I run a sixteen aluminum. There are days you couldn't pay me to go out there. No fish is worth your life.
I've been caught in some of those sudden blowups. And getting caught in one in the middle of the Strait is the last place I'd want to be.
If I die out there by myself...well, that's one thing. But I'm not taking any innocent others like children or women that can't swim with me.
As the guy in the movie said ....something like: "The best way to avoid a horrible situation is not to be there in the first place".
Check the weather reports with a hawk eye before you do something like that. And have a plan B and emergency/contact equipment in place before you go.
The boating obituaries are full of people that had more balls than brains.
As a guy who crosses all the time, I think this is pretty smart advice. There are days I wouldn't go (although not very many) in a larger boat, and even going only on days when I feel like it'll be rocky without being dangerous, I've had enough green water over the DE20 to rip the little tender I had strapped to the roof right off the hardtop and dump it in the cockpit. Pulled the bow eye right out of the dinghy...probably a solid foot of water swept the hardtop, front to back. Somewhat unsettling. I was lucky to have the tender there - the water was mostly diverted to the sides and hardly any ended up in the cockpit.
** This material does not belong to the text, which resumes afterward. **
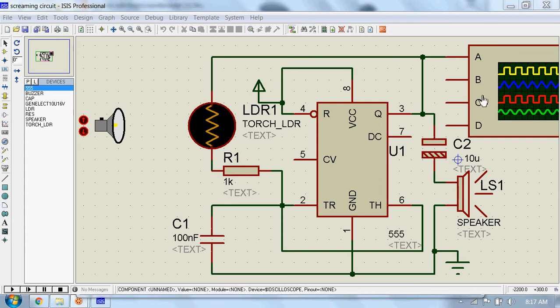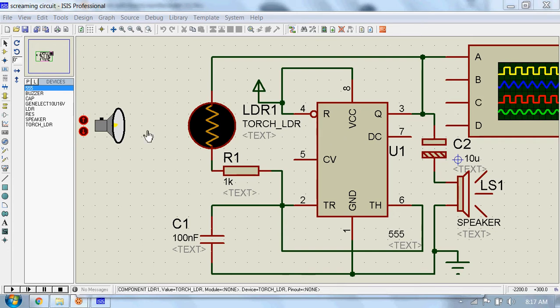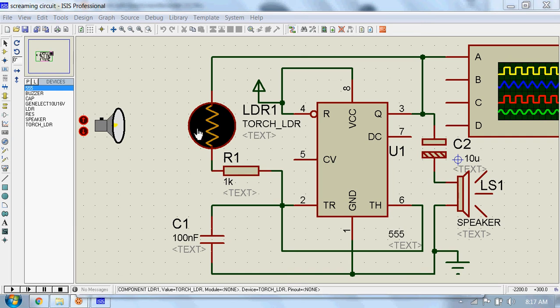I have connected an oscilloscope to the output of this circuit so that we can observe how the frequency of the output changes as different intensities of light fall on this LDR.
Anyway, my philosophy is that you need to prepare for realistic rescue times for any situation you put yourself in. For really gnarly looking weather, I'll wear a shorty wetsuit under my clothes, I have a boat with enough foam that I know it's not sinkable, and I carry a HX870 on me. If the boat gets rolled, chances are good I'll stay with it because it's fairly enclosed; the radio should get rescue on the way unless I'm unconscious, but I'm hard to knock out. That should be enough to survive an hour or two's wait in a swamped boat, which is probably all the Coast Guard would need to get to me. If I had an open boat I'd probably be looking a little differently at the
I'll say this: the first time I did it in real wind, the wind wasn't in the forecast and I left the gas dock at Steveston in maybe 10 knots of westerly - nothing you'd notice at all. Just enough to raise a chop and I thought it'd be a cake walk. By the time I got to Sand Heads it was blowing 30 knots and streaks of foam were blowing fifty feet off every whitecap and the only reason I didn't turn around was that I didn't know if I could. My wife was on board and the only thing I could think about was the jeopardy I'd put her in and although I'd always considered myself an atheist, I was looking at the water and trying to make bargains with it to spare her and take me.
The first two miles out of the river were chaotic and very hard to control - lots of wheel and throttle work, and my right elbow ached for days afterwards; I guess I'd been gripping the throttle to death and it actually gave me a bit of tennis elbow symptoms just from that one hour. After the rivermouth it improved a lot and, like most of my experience with the strait, it became more predictable and we just ground through it.
So I say this not to scare you off at all, but just take precautions and don't forget that even a wave which is only four feet high has a staggering amount of kinetic energy stored inside it. Treat the sea with respect and the gods will let you stay on top of it. Plow the bow on an open boat and you'll regret it.